As
Brexit completes on Dec. 31, Britain will leave the EU's single
market and customs union, meaning its current free trade
arrangements expire.
The two sides have for months been struggling to seal a new
agreement on everything from trade to transport to energy, with
the final stages of the talks coming as EU and other countries
have also suspended most travel to and from Britain to try to
curb a new strain of the coronavirus.
The EU's Brexit negotiator, Michel Barnier, was due to update
the bloc's 27 national envoys on Brexit at 1500 GMT on Tuesday,
and then speak to the European Parliament.
"It seems we are crossing the line," an EU diplomat said, adding
that an agreement was getting closer.
While EU officials and diplomats said cutting the value of the
bloc's catch in British waters by around 30% from 2021 would be
too high, the EU was willing to go as far as 25%.
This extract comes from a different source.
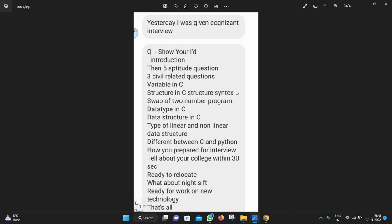Hello guys, welcome back to our YouTube channel. Today I will discuss the Cognizant interview questions for the 2023 batch and this is the first interview that I came across.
The sources said the number was just one piece of the puzzle,
with the length of the transition period beyond Dec. 31, as well
as how the EU could retaliate if Britain cut its vessels out of
British waters, equally important.
The sources said a deal could come together this week, next
week, or not at all.
European Commission President Ursula von der Leyen and British
Prime Minister Boris Johnson spoke on Brexit, as well as the
coronavirus, in a call on Monday, according to EU sources. More
calls would come as needed, the sources said.
Britain, the world's sixth-biggest economy, left the EU, a
trading bloc of 450 million consumers, last January. An
estimated trillion dollars worth of annual trade is at stake if
they fail to put in place a new accord by the end of the year.
A senior British minister on Tuesday ruled out prolonging
Britain's transition out of the EU beyond Dec. 31.